Em sua resposta às críticas, o consórcio afirmou que, ao tomar posse da área, assumiu responsabilidade apenas pelos quatro guindastes, que "serão restaurados e receberão iluminação especial". A empresa afirma que a remoção dos outros sete não foi de sua responsabilidade e está sendo investigada pelo Ministério Público Estadual. Segundo o MP, uma audiência sobre o tema está marcada para março. O órgão observa que não há clareza sobre o tombamento histórico ou não dos guindastes e diz trabalhar com a possibilidade de determinar algum tipo de compensação.
Vanderlan Frank Carvalho, diretor-geral da Secretaria Estadual de Transportes e coordenador do grupo de trabalho do Cais Mauá, reconhece que a remoção foi feita pela SPH, mas afirma que os guindastes estavam deteriorados e não apresentavam possibilidade de restauro.
ESPAÇOS CULTURAIS
Um dos questionamentos direcionados ao consórcio foi se haverá áreas destinadas a atividades artísticas e culturais. Também foi perguntado se o empreendimento não poderia funcionar apenas com atividades culturais e comércio de pequeno porte.
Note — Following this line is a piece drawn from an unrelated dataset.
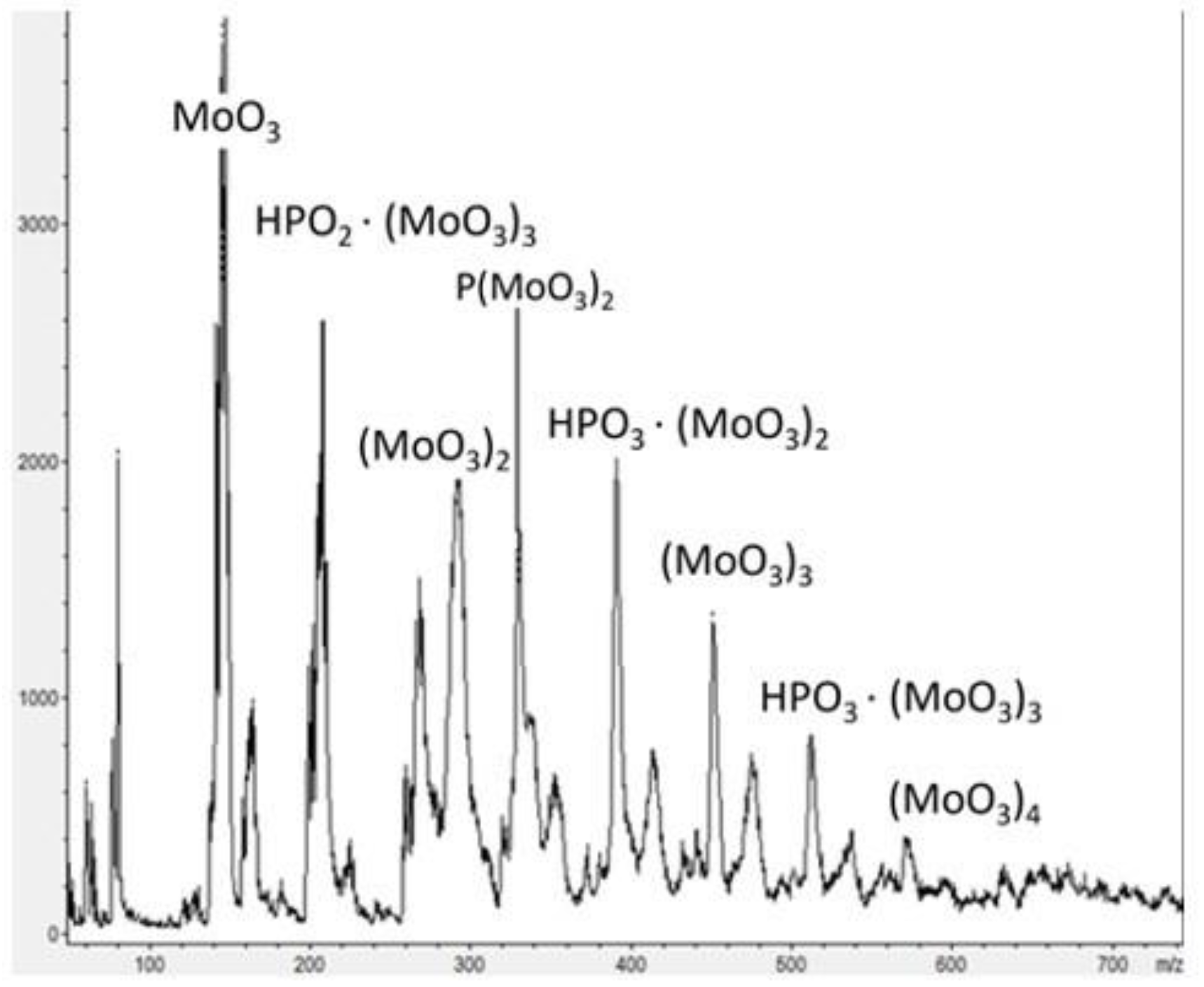 Catalysts 13 00664 g0a6 Catalysts 13 00664 g0a6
Em resposta, a Cais Mauá do Brasil se comprometeu a destinar o Pórtico Central e os armazéns A e B, segundo ela "os imóveis de maior relevância" em termos de patrimônio histórico, especificamente a atividades culturais - incluindo exposições e apresentações. A empresa também anuncia que a zona do armazém A7, que será demolido, receberá eventos ao ar livre. São citadas feiras, exposições e atividades esportivas.
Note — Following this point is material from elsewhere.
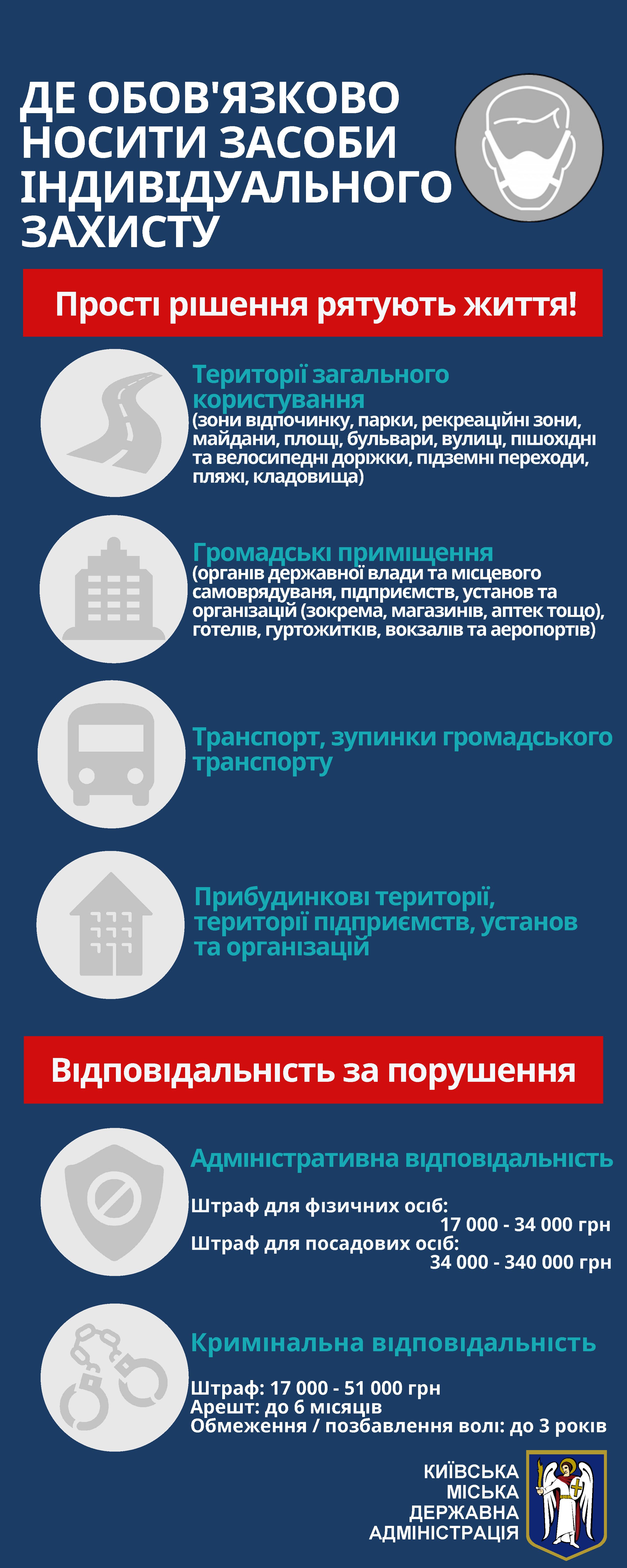 В Киеве усиливают ограничения на время карантина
De acordo com o consórcio, o projeto precisa ser sustentável do ponto de vista econômico, porque os investidores privados aplicam capital com objetivo de obter retorno financeiro. "Caso o complexo proporcionasse apenas atividades culturais, artísticas, artesanais ou de comércio de pequeno porte, não seria possível manter o uso da área", defende.